早稲田大学在学中にAV女優「渡辺まお」としてデビューし、人気を博すも大学卒業とともに現役を引退。その後、文筆家・タレント「神野藍」として活動し、初著書『私をほどく~ AV女優「渡辺まお」回顧録~』を上梓した。

いったい自分は何者なのか? 「私」という存在を裸にするために、神野は言葉を紡ぎ続ける。連載「揺蕩と愛」#19は「現実逃避の激流からようやく静かな朝を迎えられるまで」



不眠、仮眠、アルコール、眠剤……現実逃避の激流からようやく静...の画像はこちら >>



◾️休職を願い出た



 朝六時。



 細切れになっていた睡眠の延長を諦めて、身体を起こす。最近飲み始めた睡眠薬はどうも身体に順応してきたようで、お守り程度の効き目になっていた。布団の中から温い犬が顔を出す。飼い主の完全な起床を悟ったようだが、その顔を確認して再び布団の中に戻っていった。居心地が悪いのか布団の中を探検したのち、私の冷たい足先に寄り添うように寝始めた。ふわふわとした毛が足の指に絡まる。するするとした直毛はくすぐったさを感じさせず、朝の私に心の安寧を運んできてくれる。



 枕元に置いていた加熱式たばこに手を伸ばし、スティックを差し込む。わざわざ換気扇の下にもベランダにも出ることなく、布団の上で怠惰に吸えるのが一番気に入っているところかもしれない。過去の癖で加熱完了を知らせる合図の前に口に咥えてしまう。

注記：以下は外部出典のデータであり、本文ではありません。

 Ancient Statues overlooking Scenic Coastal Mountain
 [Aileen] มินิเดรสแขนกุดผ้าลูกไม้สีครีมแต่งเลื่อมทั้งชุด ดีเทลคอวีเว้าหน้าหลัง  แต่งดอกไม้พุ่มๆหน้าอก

何かの記事で「タバコをよく吸う、つまりは唇に何かを触れさせる行為は幼少期の愛情がなんたら」と読んだが、そんなことに因果関係はあるのかと笑ってしまったのを思い出した。身体の中に有害と言われるものを取り込むことで、幼少期の飢えていた感情を今更満たせるなんて思っていない。数回呼吸したところでようやく煙を吐き出せるようになった。私はせっかち。ほんの十数秒を大人しく待つこともできなかった。

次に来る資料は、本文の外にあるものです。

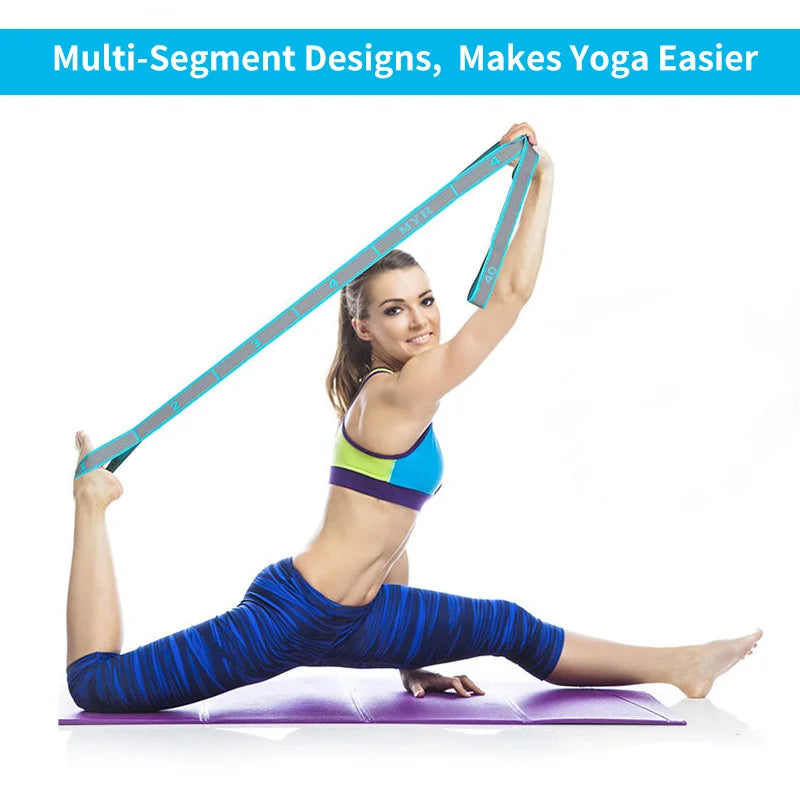 Elastic Yoga Stretching Strap With Loops For Flexibility And Dance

 夜の熱を残した静まりよりも朝の冷たい沈黙の方が私の身体に合っている。数ヶ月間必要に迫られて昼夜問わず作業した余波で、朝の時間は仮眠を取るだけの時間に成り果てていた。朝日を合図に起きていた私が、朝日を合図に眠りについて、携帯にセットされた9:00のアラームでふらふらになってパソコンの前に座っていた。何度か繰り返したあたりから朝を「私をスタート地点に戻す嫌なマス」と憎む私がいた。



 仮眠から立ち上がることができず、真っ白な天井にあるはずのないシミを数えるようになった日に、上司に休職を願い出た。あっさりと承諾が下りた後、私は天井のシミを探すことなく、再び眠りについた。





◾️偶然が必然に変わった瞬間



 不眠と仮眠を行き来したのち、ようやくかつてのように朝を迎えられるぐらいに戻った。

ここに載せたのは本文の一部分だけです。